Ein heißes Eisen packte Erfolgsregisseur Alexander Utschitel an (der
schon vor fünf Jahren in Cottbus einen Preis errang). Eine Geschichte
von Wladimir Makanin und Timofeja Dekina führt in den russischtschetschenischen
Krieg. In einem russisch besetzten tschetschenischen
Dorf wird fraternisiert, aber zwei Soldaten erhalten den Auftrag, mit
einer versprengten Einheit Kontakt aufzunehmen. Ein junger Tschetschene
soll ihnen durch die zerklüfteten Berge den Weg weisen. Auf dem
gefährlichen Weg wächst Sympathie zwischen den Feinden. Doch der
Zuschauer ahnt, daß diese Geschichte so oder so tragisch enden muß.
Utschitels Film zeigt die menschlichen Seiten der verfeindeten Parteien.
Werden die Partisanen zu sympathisch oder die Besatzer? Wird der unversöhnliche
Konflikt durch einen solchen Film aufgeweicht? Hauptdarsteller
Wjatscheslaw Grekunow, der den Film in Cottbus vertrat, nannte
als Intention der Filmemacher zu zeigen, daß der Konflikt nicht unversöhnlich
bleiben muß.


Den dritten Preis vergab die Jury unter Leitung des polnischen »Oscar«-
Preisträgers, des Szenenbildners Allan Starski, an Drehbuchautor und
Regisseur Michal⁄ Rosa für den polnischen Film »Der Riß«. Eine Hochschullehrerin,
Tochter eines einstigen Oppositionspolitikers, muß sich
nach vierzigjähriger Ehe dem Verdacht stellen, daß ihr Mann sie im Auftrag
der Sicherheitsbehörden geheiratet hätte. Der Gedanke macht sie
krank. So intensiv diese Geschichte auch gespielt und in der Ausgangssituation
stimmig war, so trat sie nach kurzer Zeit auf der Stelle – ein
Manko, das dem nun ausgezeichneten Autor anzulasten war.

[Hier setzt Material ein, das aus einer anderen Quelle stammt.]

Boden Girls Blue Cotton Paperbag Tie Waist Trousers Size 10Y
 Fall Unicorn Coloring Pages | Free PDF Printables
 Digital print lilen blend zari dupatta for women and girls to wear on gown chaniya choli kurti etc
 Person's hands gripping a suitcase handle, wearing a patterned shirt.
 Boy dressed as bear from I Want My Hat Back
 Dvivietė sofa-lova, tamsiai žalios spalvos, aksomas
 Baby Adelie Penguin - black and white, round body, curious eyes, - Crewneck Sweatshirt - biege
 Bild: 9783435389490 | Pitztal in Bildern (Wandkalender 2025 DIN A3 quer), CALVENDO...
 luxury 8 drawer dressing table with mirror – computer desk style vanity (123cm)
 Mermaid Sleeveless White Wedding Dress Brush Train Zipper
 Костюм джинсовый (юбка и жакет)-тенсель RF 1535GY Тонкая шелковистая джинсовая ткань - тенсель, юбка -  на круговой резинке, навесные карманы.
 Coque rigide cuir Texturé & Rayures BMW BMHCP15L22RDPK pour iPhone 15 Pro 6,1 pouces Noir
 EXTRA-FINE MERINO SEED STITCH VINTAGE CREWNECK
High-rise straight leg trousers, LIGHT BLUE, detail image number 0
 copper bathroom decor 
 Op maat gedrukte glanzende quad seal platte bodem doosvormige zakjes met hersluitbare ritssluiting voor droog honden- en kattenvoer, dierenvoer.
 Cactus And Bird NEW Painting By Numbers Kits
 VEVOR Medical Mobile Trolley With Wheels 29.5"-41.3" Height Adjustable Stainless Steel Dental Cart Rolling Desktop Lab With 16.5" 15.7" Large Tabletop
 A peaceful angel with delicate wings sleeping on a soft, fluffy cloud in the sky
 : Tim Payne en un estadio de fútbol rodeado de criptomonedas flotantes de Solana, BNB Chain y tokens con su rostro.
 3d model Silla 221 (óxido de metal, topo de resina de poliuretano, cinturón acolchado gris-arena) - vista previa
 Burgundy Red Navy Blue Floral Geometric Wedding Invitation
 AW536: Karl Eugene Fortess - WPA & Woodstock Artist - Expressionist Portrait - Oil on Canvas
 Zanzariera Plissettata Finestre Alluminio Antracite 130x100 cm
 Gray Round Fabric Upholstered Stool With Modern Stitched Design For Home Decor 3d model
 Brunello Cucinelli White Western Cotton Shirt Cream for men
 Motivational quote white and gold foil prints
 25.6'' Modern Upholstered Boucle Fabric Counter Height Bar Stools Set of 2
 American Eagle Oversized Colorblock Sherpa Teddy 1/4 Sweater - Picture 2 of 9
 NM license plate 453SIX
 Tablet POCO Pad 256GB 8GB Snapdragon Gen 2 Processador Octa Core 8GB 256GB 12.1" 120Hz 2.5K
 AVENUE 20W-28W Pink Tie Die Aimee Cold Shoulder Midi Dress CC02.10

Ein anderer, wesentlich spannenderer Film, in dem die Helden etwas
über die politische Vergangenheit herauszufinden suchten, war der deutsche
Beitrag »Novemberkind«. In dem Film des von Rügen stammenden
Regisseurs Christian Schwochow wird eine junge Frau (Anna Maria
Mühe) damit konfrontiert, daß ihre Mutter nicht gestorben sei, sondern
nach einer Flucht in den Westen verschollen blieb. Der Film, über den
noch ausführlicher zu sprechen sein wird, erhielt zu Recht den Förderpreis
der DEFA-Stiftung.


Das Cottbusser sei das zweitwichtigste deutsche Filmfestival, erklärte
der Schirmherr des Festivals, Außenminister Frank-Walter Steinmeier,
in seiner Eröffnungsansprache. Diese Erkenntnis hatte er aus der amerikanischen
Fachzeitschrift »Variety«, die vor einigen Monaten in der
Auflistung der fünfzig wichtigsten Branchentreffen des Films nur zwei
deutsche Festivals berücksichtigte: die Berlinale und eben – Cottbus!
Das hängt sicherlich einerseits mit dem einzigartigen Profil zusammen,denn nur in Cottbus liegt der Schwerpunkt auf Osteuropa, aber mit einer
Vernetzung mit dem mitteleuropäischen (und teilweise auch asiatischen)
Film.


Auch im Umfang will das relativ kleine Festivalteam um den Chef Roland
Rust der Berlinale nacheifern. Es gab neben dem Spielfilm- auch einen
Kurzfilmwettbewerb, Informationsprogramme und eine Reihe für
Kinder- und Jugendliche. Der Ehrenpräsident des Festivals, der ungarische
»Oscar«-Preisträger István Szabó, und sein tschechischer Freund
und Kollege Jirˇi Menzel wurden anläßlich ihrer 70. Geburtstage in diesem
Jahr mit der Aufführung ihrer jüngsten Filme geehrt. Während Menzels
»Ich habe den englischen König bedient« in unsere Kinos gefunden
hat, ist Szabós »Verwandte« hier noch unbekannt. Mit großartigen Schauspielern
wie Sándor Csányi, Oleg Tabakow und Károly Eperjes hervorragend
besetzt, erzählt Szabó nach einer vielgelesenen Erzählung von
Zsigmunt Moritz in opulenter Ausstattung eine Geschichte aus den
zwanziger Jahren um Machtmißbrauch, Verführung, Schuld und Korruption.
Man muß dem Cottbusser Festival dankbar sein, daß diese bissige
Anmerkung zur Gegenwart wenigstens hier zum deutschen Publikum
findet.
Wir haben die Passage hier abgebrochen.